This method maximizes data usage by concatenating all texts before chunking. Only the very last partial chunk (if any) is discarded. This approach is more efficient for LLM pretraining, especially with many short texts.

Even though chunks may span across multiple texts, separated by EOS tokens, this method is closer to how LLMs are typically pretrained (treating the dataset as a continuous stream).

4. Train model

The file src/compute_params.py helps to compute the number of params for GPT-2.

The file src/train_model.py trains the model.

The file src/test_pretrained.py loads the model and completes a prompt.

4.1. How many params should our model have?

Our goal is to train a model with less than 1B params using GPT-2 architecture.
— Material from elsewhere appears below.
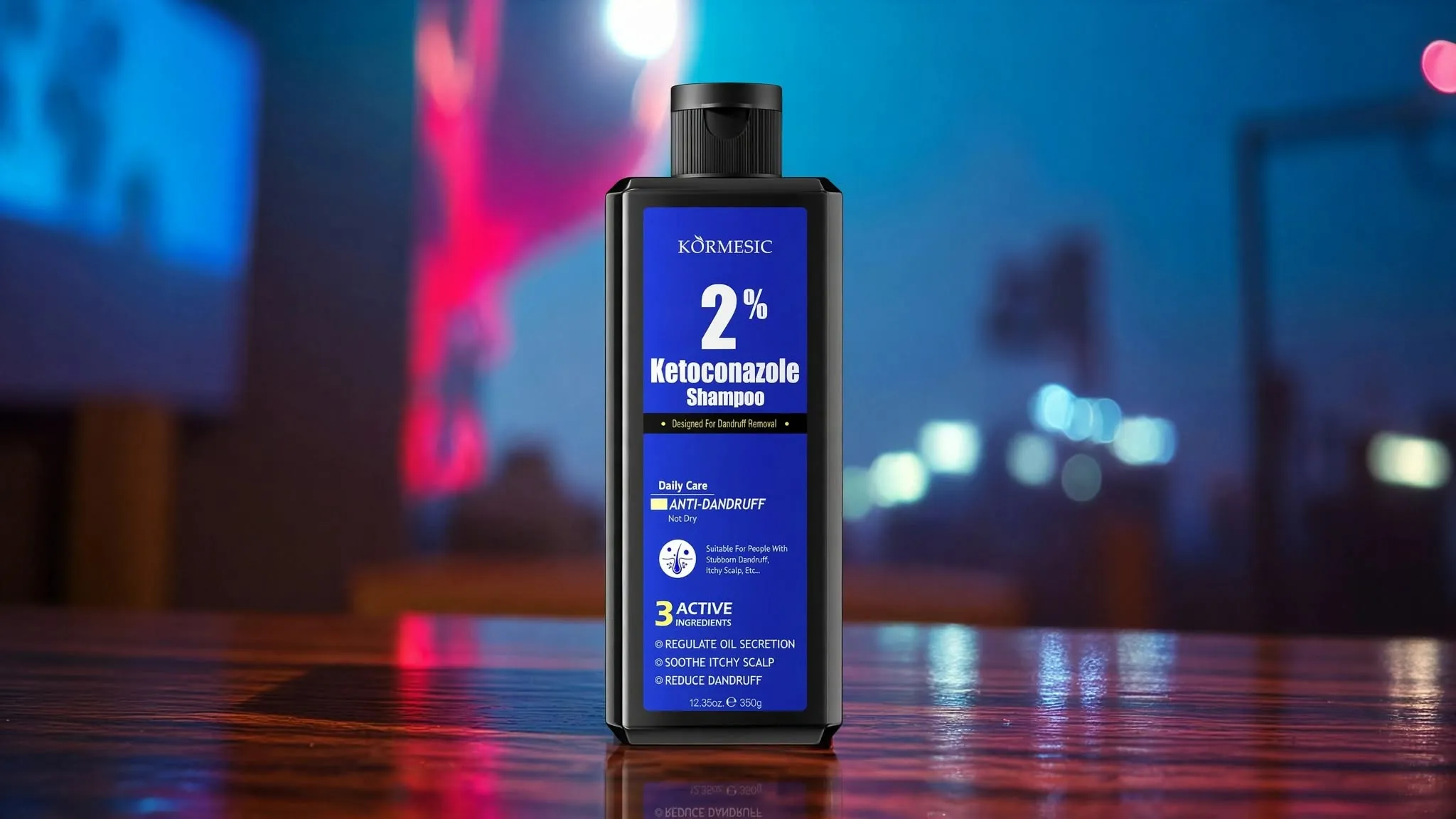 شامبو نيزورال للقشرة الدهنية: السعر والمكونات وطريقة الاستخدام 2026 2 kormesic ketoconazole shampoo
The Chinchilla/Hoffman scaling laws suggests that 20 tokens per param are needed to achieve a notable performance.

If we use the original FineWeb dataset with 10e9 tokens for ~15e6 rows, our model should have 0.5e9 params. However, if we use only 10e3 rows as the sample dataset, our model should have 0.3e6 params. If we use 100e3 rows, our model should have 3e6 params.

4.2. How to compute the number of params for GPT-2?
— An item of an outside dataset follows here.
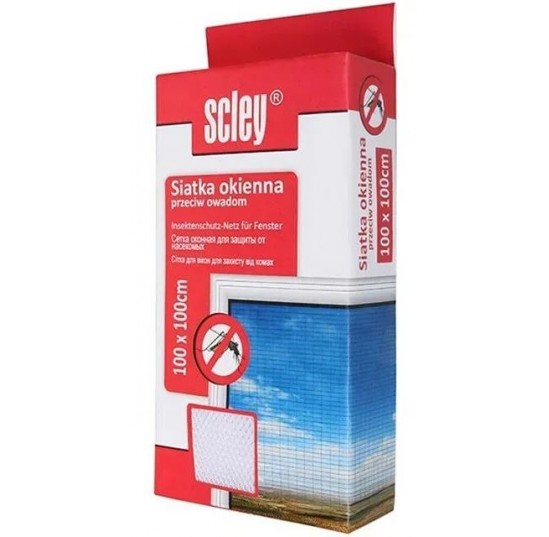 Сітка антимоскітна для вікон 130*150 біла (0395-121315)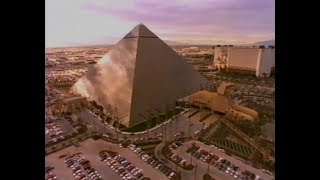 1993  The Making Of Luxor Las Vegas Documentary [upl. by Alyal]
Ref: this answer is generated by GPT-4.1.

To compute the number of parameters for GPT-2 given n_layer, n_head, n_embd, vocab_size, and n_positions, we need to sum the parameters from:

  1. Embedding layers
  2. Transformer blocks (per layer)
  3. Final layer norm
  4. Output (LM head)

4.2.1. Embedding layers

  • Token embeddings: vocab_size * n_embd
  • Position embeddings: n_positions * n_embd

4.2.2. Transformer block (per layer)

Each block contains:

  • LayerNorm1: 2 * n_embd (weight + bias)
  • Self-Attention:
    • Query, Key, Value: 3 * (n_embd * n_embd + n_embd) (weights + biases)
    • Output projection: n_embd * n_embd + n_embd
  • LayerNorm2: 2 * n_embd
  • MLP:
    • First linear: n_embd * (4 * n_embd) + (4 * n_embd) (weights + biases)
    • Second linear: (4 * n_embd) * n_embd + n_embd

Total per layer:

LayerNorms: 2 * (2 * n_embd) = 4 * n_embd
Attention: 3 * (n_embd * n_embd + n_embd) + (n_embd * n_embd + n_embd) = 4 * n_embd * n_embd + 4 * n_embd
MLP: n_embd * 4 * n_embd + 4 * n_embd + 4 * n_embd * n_embd + n_embd = 8 * n_embd * n_embd + 5 * n_embd
Total per layer: 8 * n_embd * n_embd (attn+mlp) + 4 * n_embd * n_embd (attn) + 4 * n_embd (attn) + 5 * n_embd (mlp) + 4 * n_embd (ln) = 12 * n_embd * n_embd + 13 * n_embd

But for clarity, sum as:

Per layer = 12 * n_embd * n_embd + 13 * n_embd

4.2.3. Final LayerNorm

2 * n_embd

4.2.4. Output (LM Head)

Usually tied to token embeddings, so no extra parameters. If untied: vocab_size * n_embd

4.2.5. Total Parameter Formula

total_params = (
    # Embeddings
    vocab_size * n_embd +
    n_positions * n_embd +
    # Transformer blocks
    n_layer * (12 * n_embd * n_embd + 13 * n_embd) +
    # Final LayerNorm
    2 * n_embd
    # + vocab_size * n_embd  # if output head is untied
)

4.2.6. Note

  • This formula gives a very close estimate to the official GPT-2 parameter counts
  • For most practical purposes, the dominant term is n_layer * 12 * n_embd^2
  • n_head is not used because it affects the model's architecture and parallelism, not the total parameter count, which is governed by n_embd and n_layer
    • It is a factor in how the attention mechanism is split internally (eg. each head has a dimension of n_embd // n_head), but the total number of parameters for the attention layers depends only on n_embd (not how it is divided among heads)
    • The weights for query, key, value, and output projections are all of size [n_embd, n_embd] regardless of the number of heads.
Component Formula
Token Embedding vocab_size * n_embd
Pos Embedding n_positions * n_embd
Transformer Block n_layer * (12*n_embd^2 + 13*n_embd)
Final LayerNorm 2 * n_embd
Output Head (tied, usually not counted)

5. Instruction tuning

The file src/prepare_dataset_instruct.py prepares the dataset for instruction tuning.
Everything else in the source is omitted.